How Do You Say You’re Sorry?
I’m blessed to have 2 elementary age children who are at school for 6 hours a day. I can get stuff done, exercise and of course, work on my business. When my children walk through the door, my world shifts and I don’t always know what I’m getting myself into when they come home.
Do You Blame?
One day last week, both of them came home screaming and crying. The first thing they do, as most kids and adults do, is they blame the other person for what they did. They don’t take responsibility for their own actions. Well, I sent them both to their rooms to do their homework and, most importantly, to calm down.
After about 30 minutes we talked about what had happened. I said that I wanted to hear both sides of their story and wanted to know how they felt. They were able to do it, understand that they both had played a part and were able to apologize and accept each other’s apology.

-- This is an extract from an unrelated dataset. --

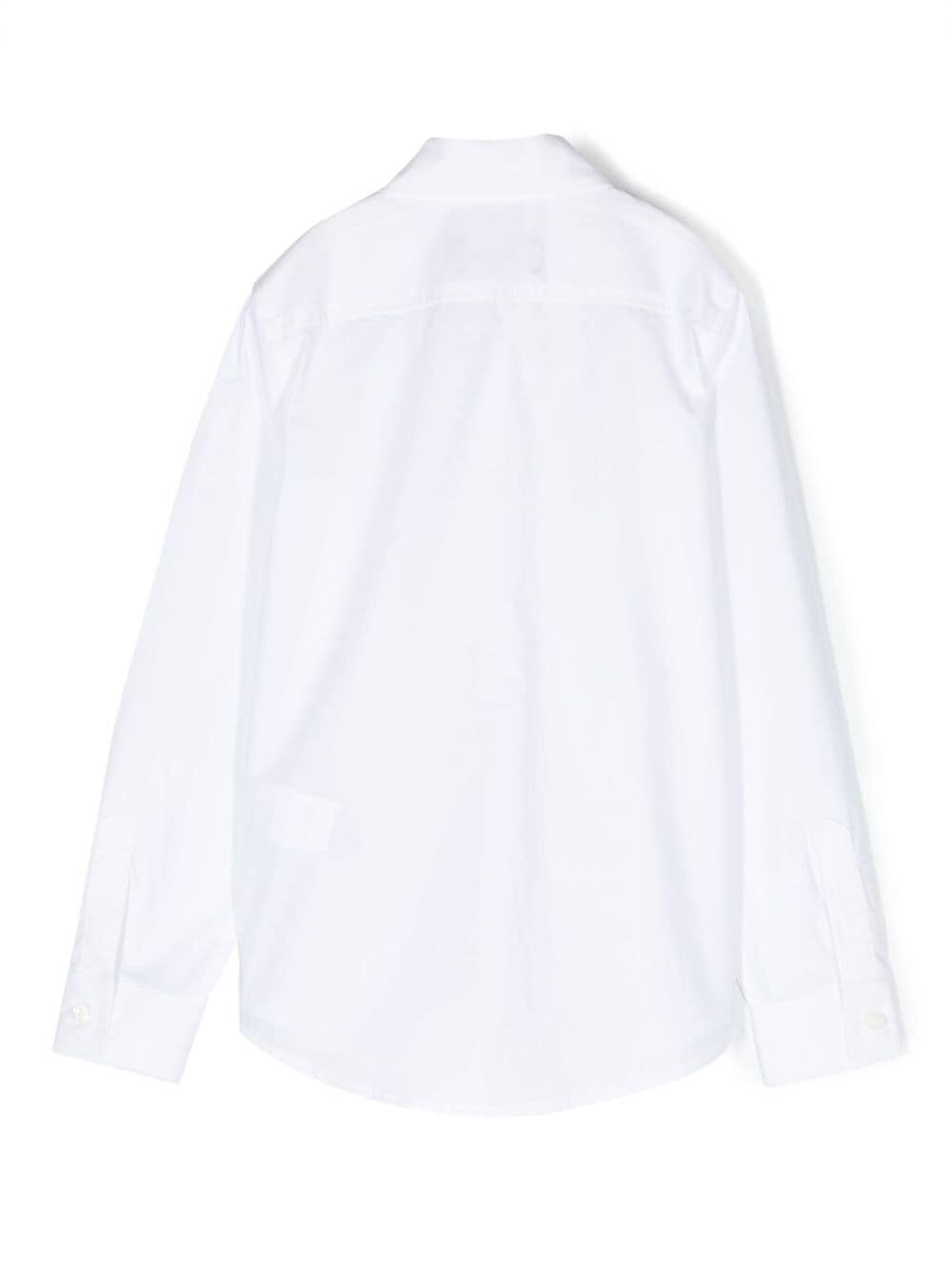 D2C176M CAMICIA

They had no idea what they were doing, but I did. What they were doing the Aftermath of an Incident exercise by The Gottman Institute. This is the ultimate way to overcome an argument. Lucky for you, I’m going to share the 5 steps involved.

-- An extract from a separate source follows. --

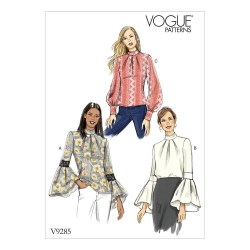 Wykrój Vogue Patterns V9285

The Five Steps to Overcome an Argument
1. Talk About Feelings
This is where you go through all the feels you felt, for example “I felt betrayed”, “I felt hurt”, “I felt unloved” and “I felt unappreciated.”
2. Talk About Your Reality
Next up is your own reality, not your partners. You need to state how you felt, what was going on for you. Your partner needs to listen and be able to repeat back what you say, preferably in their own words. Once one of you is done, move on to the other and make sure you both feel understood.
3. Discuss Your Triggers
This is the one that’s the most important and also the hardest to understand. When you get so upset, something inside of you is triggered that didn’t just start during this argument.
Some triggers examples: “I felt excluded”, “I felt judged”, “I felt belittled” or “I felt ignored.”
Once you figure out what your trigger is, you can then tell your partner at what time during the discussion the trigger occurred, what part was bigger than the rest and then share a story from your past about a time when this trigger was present. Best for you to go back into your childhood because that is when they were formed. This is a hard step to do for most and it really keeps you focused on yourself and not what your partner did to upset you.
4. Take Responsibility
This step can be challenging as well, especially if you do not believe you did anything wrong. Hopefully, after getting through the first 3 steps you are able to take responsibility. In this step you talk about what set you up for this argument.
Some examples: “I have been tired lately”, “I haven’t been a good lister” and “I haven’t shared my world with you.”
After you do this, then you say what you are sorry for and then ask for forgiveness. Yes, do ask your partner if they accept your apology.
5. Take Action
This is the final step. All I want you to do is to take turns talking about one thing you would do differently and one thing you would like your partner to do differently.
Wrapping Up
Yes, a lot of information here and it might seem confusing. The important parts are to remember to talk from your own position, understand your triggers and take responsibility for your actions. This is the best way to say you’re sorry.